Mr. Raines encouraged credit unions to take advantage of Fannie's expertise in electronic commerce and technology to create quick loan approval systems. For example, he touted Navy Federal Credit Union's plans to let members receive mortgage approvals online using Fannie's desktop underwriter system.

Banking industry officials said that Mr. Raines' call for Fannie and credit unions to work more closely together does not alarm them, because banks, particularly small ones, would like to establish similar relationships.

"The most important thing is that there are tools being developed by Fannie Mae to help smaller lenders, and they're not being made exclusively for the credit unions," said Ann M. Grochala, director of bank operations for the Independent Community Bankers of America. "Community banks have access to them too."

Mr.
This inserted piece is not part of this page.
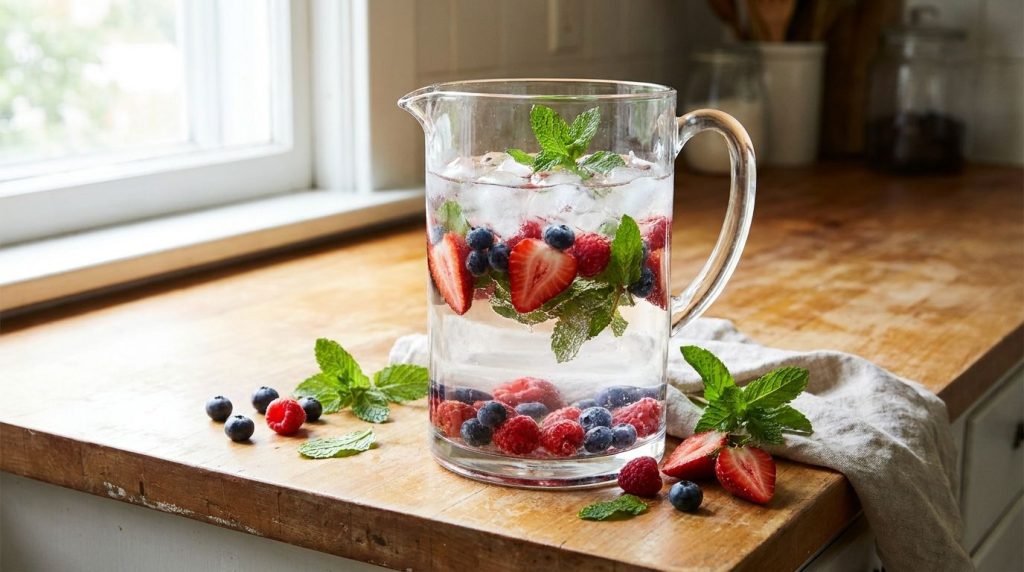 A glass pitcher filled with berry and mint infused water surrounded by fresh berries and mint leaves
Raines said Fannie and credit unions are allied by the strong criticism they have each received from banks, as well as their common goal of increasing homeownership.

Both have faced complaints of having an unfair competitive advantage because of their special legal statuses. Banks have been critical of credit unions' tax exemption, which they say allows credit unions to offer members lower-cost services.

Critics of Fannie, as well as Freddie Mac, say the two enterprises can offer lower interest rates because they enjoy an implicit assumption among investors that the federal government would bail them out if a severe downturn in the mortgage market caused them to fail.

Mr. Raines also blasted a bill that would consolidate oversight of government-sponsored enterprises under a new, more powerful agency. "I do not think Congress is going to pass any bill related to us," he said after his speech.

Rep. Richard H. Baker, R-La., who is scheduled to hold a meeting today on the bill, does not have majority support of members of the capital markets subcommittee, of which he is the chairman, Mr. Raines said.

Congress will not pass the Baker bill this year or next year, he added. "I do not believe Congress will ever enact this bill."

At the same conference Norman D'Amours, chairman of the National Credit Union Administration, said he supports the credit union group's three legislative proposals. One would make it easier for two healthy credit unions to merge if regulators predict trouble for one of them. The second would eliminate the 1998 Credit Union Membership Access Act's restrictions on member business lending. The third would allow credit unions to serve poor, underserved groups outside their service areas.

None of the proposed changes have been introduced in Congress yet, though the credit union group's officials have been lobbying for them on Capitol Hill.

With less than a month to go before Congress adjourns, it is a "long shot to do this in this Congress," Mr. D'Amours said.